An independent review into Wellington’s troubled bus network has revealed a raft of failings from the regional council.
The new routes weren’t tested because the council did not believe it would give an accurate picture of how they would run. Photo: RNZ / Emma Hatton
It came after the new bus network, launched in July across Wellington city and the Hutt Valley, resulted in buses being late or never showing up, overcrowding, and a loss of access to buses for some people.
The problems with the new network were mainly felt in Wellington city.
The review, carried out by L.E.K. Consulting Australia, was done by speaking to senior regional council staff, and contractors, as well as bus operators, and the Wellington and Hutt City councils.
It also looked at council documents and data.
It found the team in charge of getting the service up and running, including the programme team and public transport team, did not have the capability to see the changes through.
Late last year, 11 people were hired, but, the report said that “at this point, the programme was well into delivery mode, and the project was already over-budget”.
Councillors were not given enough information, the report said. They were given summarised information at a high-level, so they did not know about smaller milestones at a local level.
They were warned in August 2016 by council staff that the risk of rolling everything out at once – new fleets, new operators, a new network, and a new ticketing system – was high risk, and had a ‘major’ impact rating, but chose to do so regardless to save money, and to ease disruption.
They relied on bus companies to be transparent about how ready they were for the roll-out, which meant they were late to find out how serious some problems were.
This included one bus company saying it had a shortfall of 110 drivers two months before the new network launched, but that it would have enough come July, and still being 70 to 80 short at the time.
The new routes weren’t tested because the council did not believe it would give an accurate picture of how they would run.
Since the launch of the network, passengers had been complaining that the bus hubbing concept was not working, because the timetables meant long waits for connections, or buses leaving before passengers could transfer on to them.
The process to get bus hubs built before the new network rolled out did not start early enough, the report said, and the project’s timeline didn’t allow enough time for consultation with the city council, or utility providers.
A long commercial negotiation with a key operator did not leave enough time for that bus company to get a new fleet in time.
That bus company was forced to use a fleet where 10 percent of its buses were smaller than they should have been.
Miramar Bus Hub. Photo: RNZ / Richard Tindiller
Earlier this year it was reported that buses on the number 3 route, run by NZ Bus, were too small.
The report said while most of the programme was delivered successfully, and on time, several aspects were delivered late, or at a low standard.

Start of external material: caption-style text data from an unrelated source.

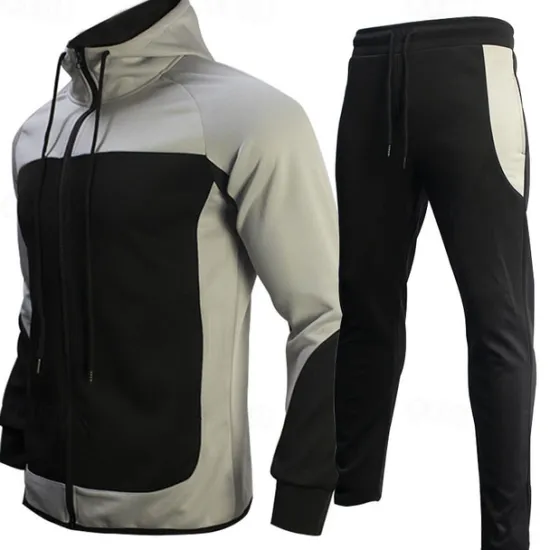 Clearance OUKU Men's Color Block Sweatshirt Tracksuit Sweatsuit Long Sleeve Sweatshirt Standing Collar Streetwear Basic Casual Sports & Outdoor Daily Holiday 2 Piece Spring & Fall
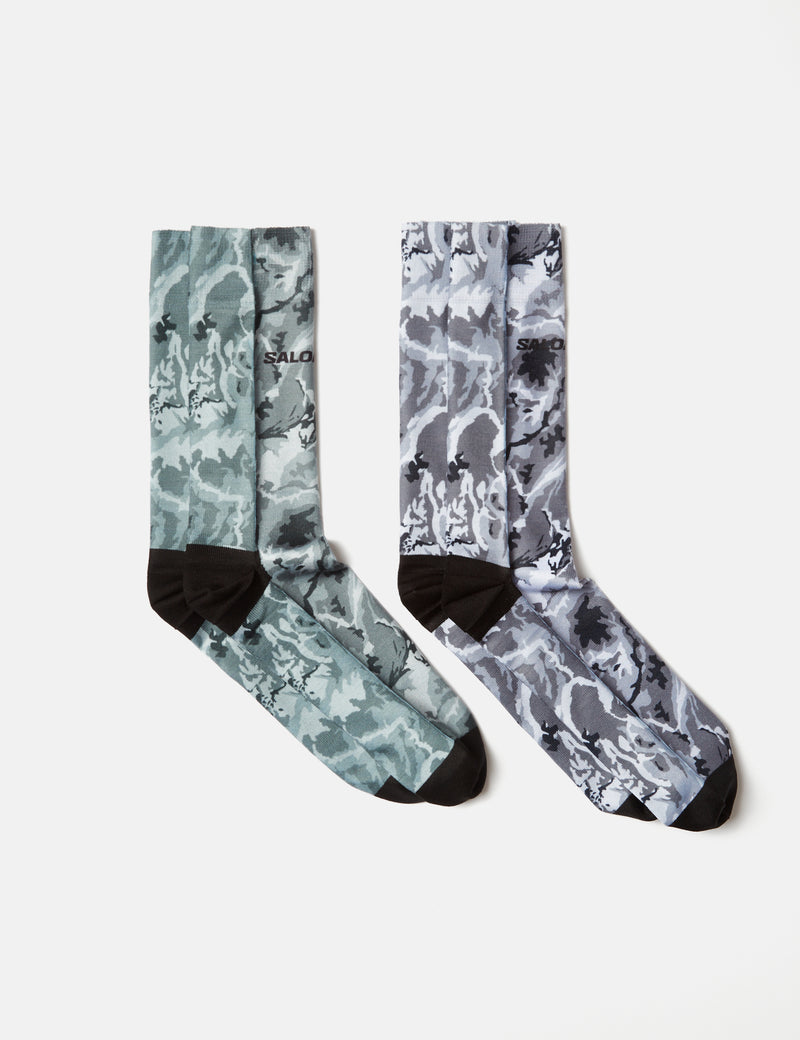 Salomon Relief Crew Socks (2-Pack) - Lily Pad/Black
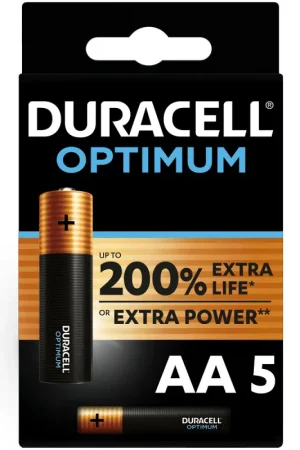 Pile alcaline AA Optimum 1,5 V 5 pièces DURACELL Meilleur Prix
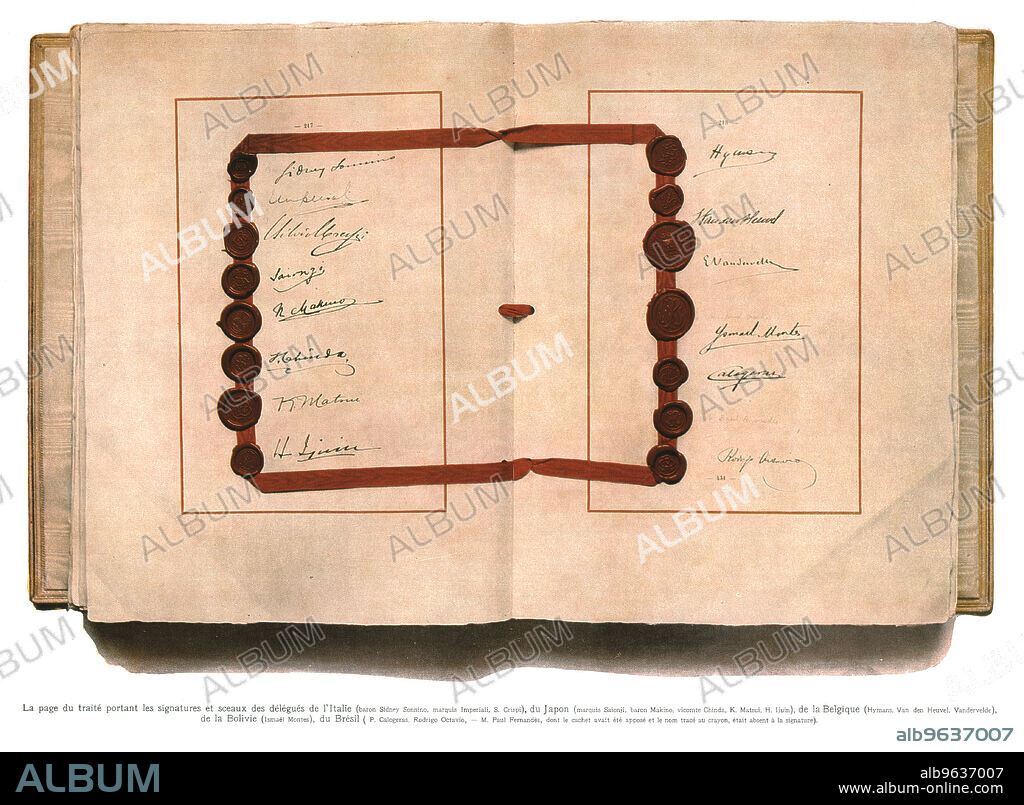 'La signature du traite de paix a Versailles; La page du traite portant les signatures et sceaux des delegues de l'Italie, du Japon, de la Belgique, de la Bolivie, du Brasil', 1919. From "L'Album de la Guerre 1914-1919, Volume 2" [L'Illustration, Paris, 1924].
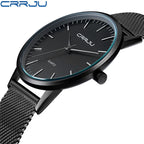 CRRJU Luxury Men's Military Watch - Japanese Quartz Movement, Stainless Steel Sports Casual Wristwatch, Water Resistant Unisex Watch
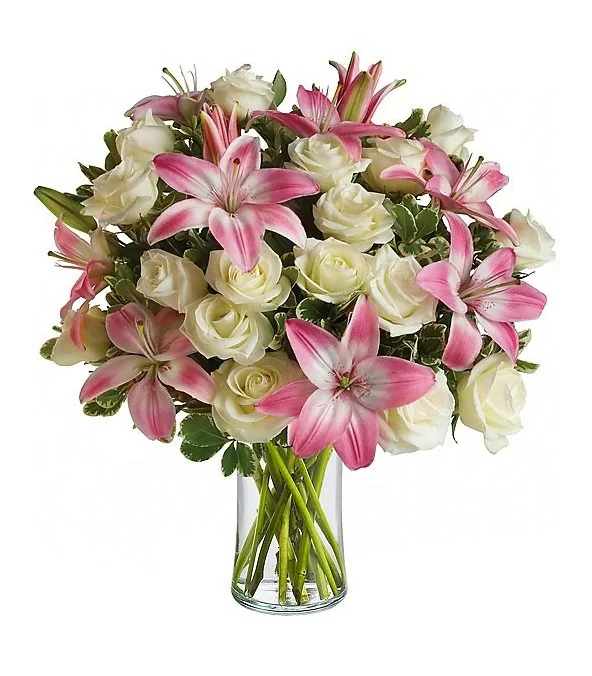 Florero de Vidrio 18 Rosas, 8 Varas de Liliums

It said the regional council and the bus companies were proactive in looking at ways to minimise the impact on bus-users, but the council was too slow to act when it became clear the network was not working as it should.
Councillors were told by staff it was just “teething problems”.
However, once issues were found, action was quickly taken. The council had changed the network where it could to make it better
Greater Wellington Regional Council chair Chris Laidlaw said progress against the report’s findings was well underway.
The council had already identified many of the issues highlighted, but Mr Laidlaw acknowledged the council had fallen short in some areas when putting the network in place.
“Since July we have been listening and working closely with community groups and operators to increase services, adjust timetables, ensure the right size bus turns up, provide better data and information to the public, and put things right,” he said.
The report acknowledged that key performance metrics demonstrated ongoing and sustained improvement.
Punctuality improved from 86 percent to 93 percent, reliability increased from 94 percent to 99 percent, and correct bus size performance rose from 66 percent to 80 percent.
The review, commissioned by Greater Wellington and the New Zealand Transport Agency (NZTA), looked at the implementation of the new network, and not the design behind it.
Chris Laidlaw said that and other aspects would be covered in a later stage of the review.